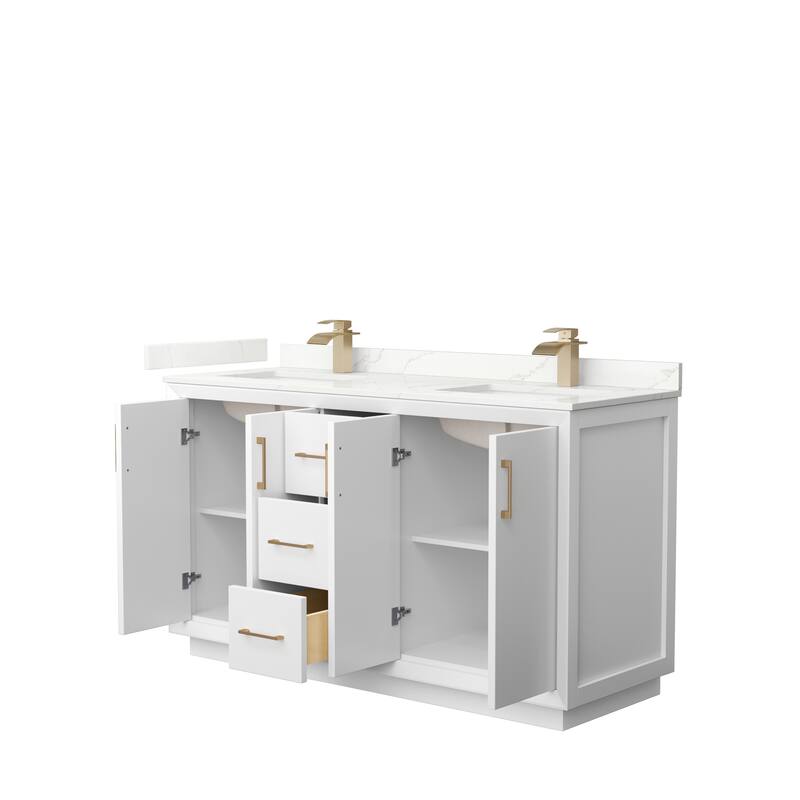 Strada 60-inch Double Vanity, Quartz Top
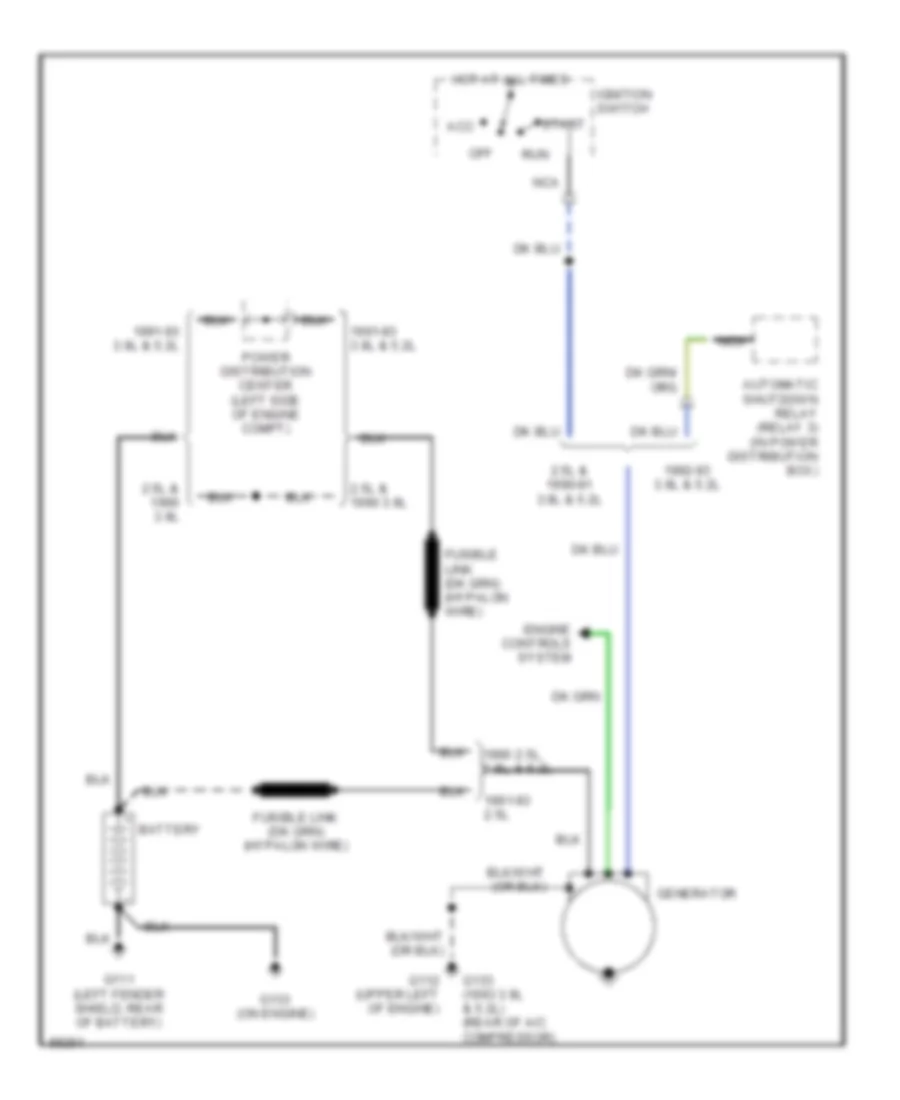 Электросхема Генератора для Dodge Dakota 1993
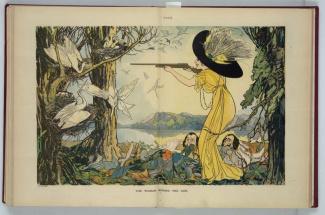 Vrouw schiet vogels voor mode-industrie, cartoon Gordon Ross 1911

PROBLEM TO WORK ON
For each line above, output its wording exactly and leave out any picture.

ANSWER FOR THE TASK
 Strada 60-inch Double Vanity, Quartz Top
 Электросхема Генератора для Dodge Dakota 1993
 Vrouw schiet vogels voor mode-industrie, cartoon Gordon Ross 1911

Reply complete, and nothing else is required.